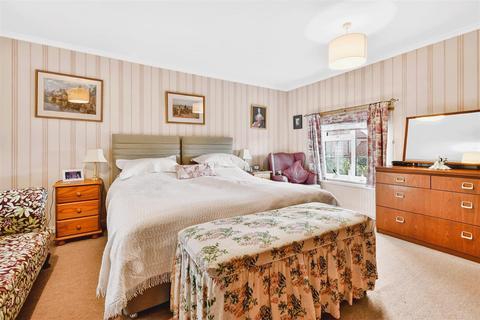 4 bedroom detached house for sale, Gracious Street, Huby, York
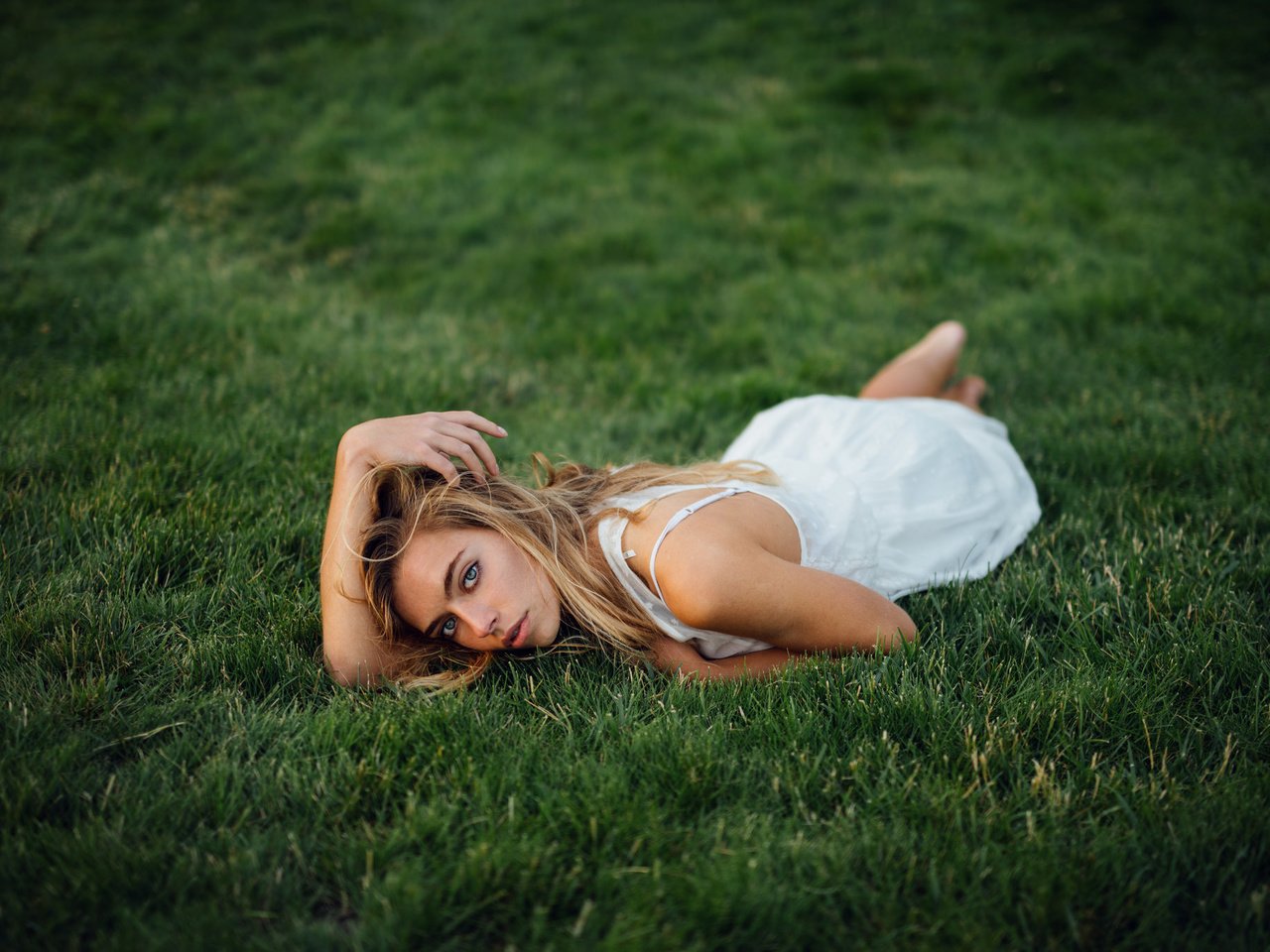 Обои трава, девушка, блондинка, взгляд, лежит, белое платье, grass, girl, blonde, look, lies, white dress разрешение 2048x1365 Загрузить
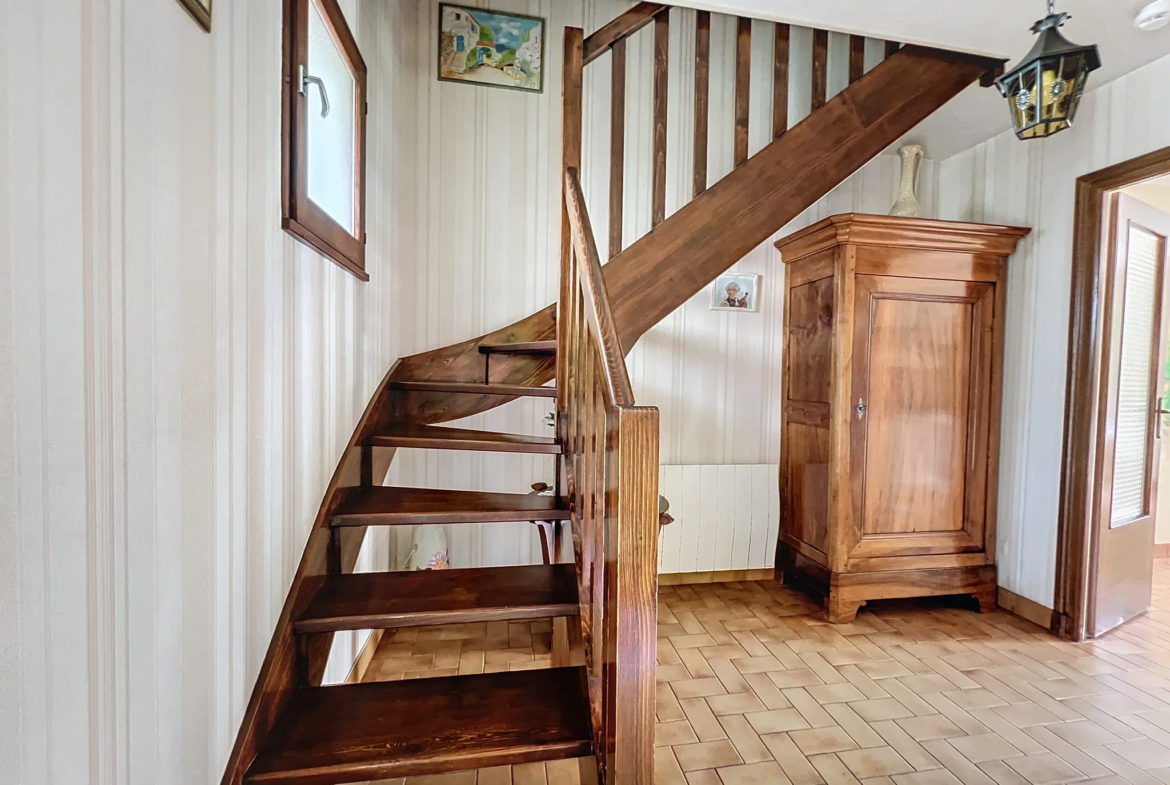 Maison 3 chambres à Gleizé avec garage et jardin 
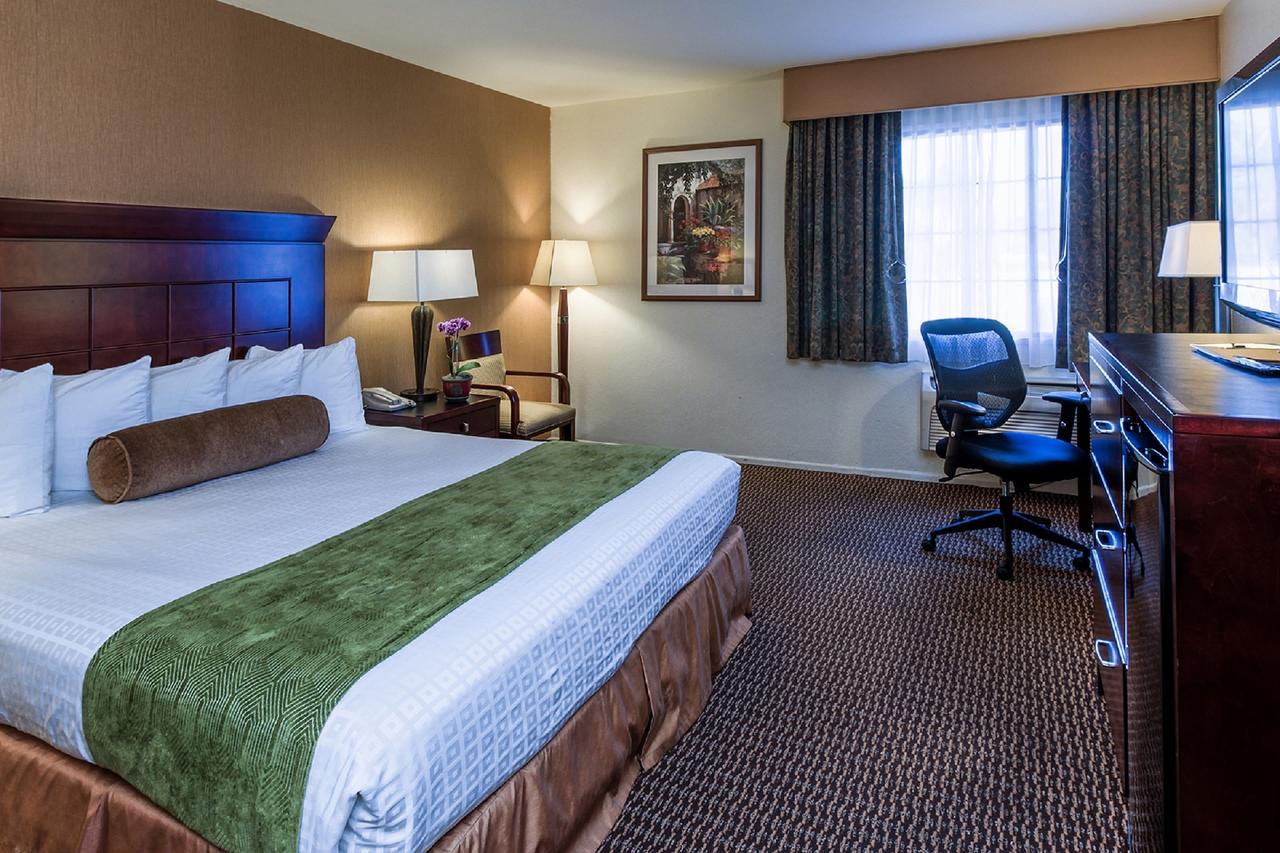 Best Western Plus Carpinteria Inn - thumb 10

━━━━

• TASK PROMPT:
Set down exactly the lines between the one with "Maison 3 chambres" and the last line of the material above, both included, but none of the pictures.

• REPLY TO THE EXERCISE:
 Maison 3 chambres à Gleizé avec garage et jardin 
 Best Western Plus Carpinteria Inn - thumb 10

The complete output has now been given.